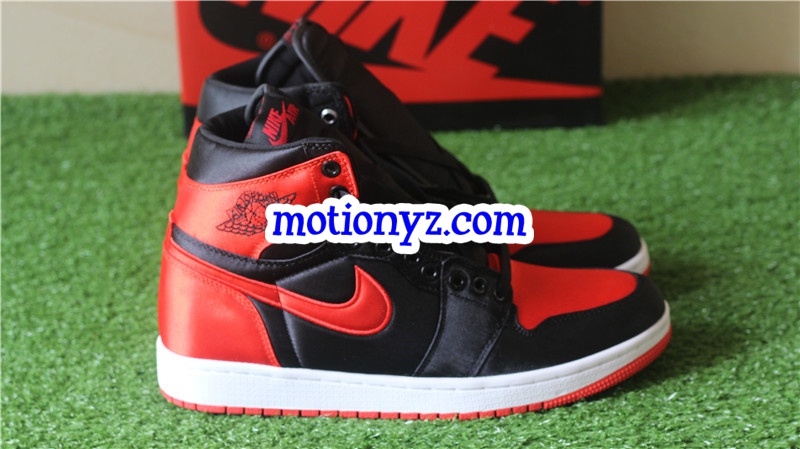 Authentic Air Jordan 1 Retro Satin Banned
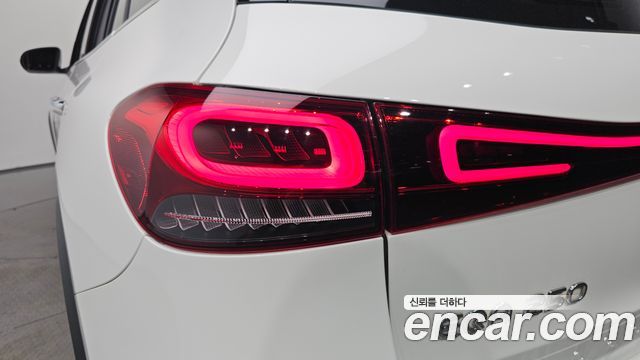 Mercedes-Benz EQA 2024 — photo 9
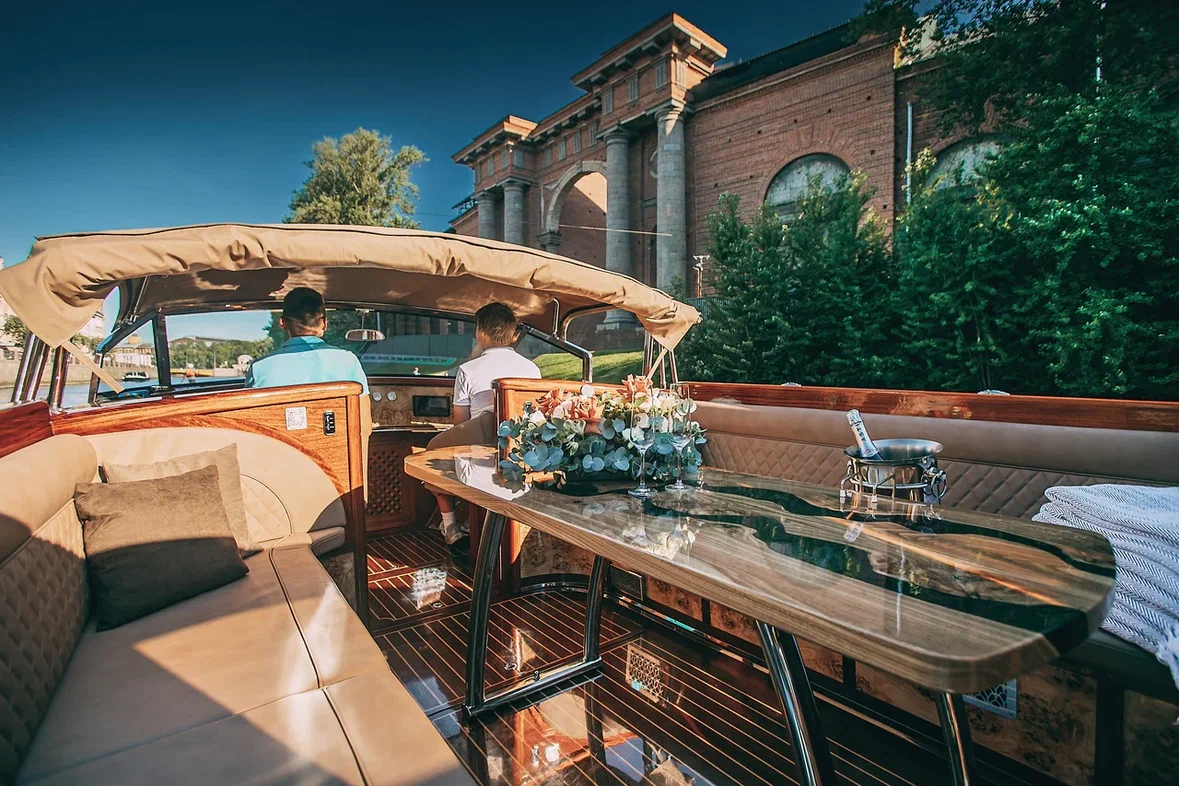 Катер Модена (аренда на Фонтанке)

* * *

Reproduce the material word for word, but without its images.

◆ **Exercise result**
 Authentic Air Jordan 1 Retro Satin Banned
 Mercedes-Benz EQA 2024 — photo 9
 Катер Модена (аренда на Фонтанке)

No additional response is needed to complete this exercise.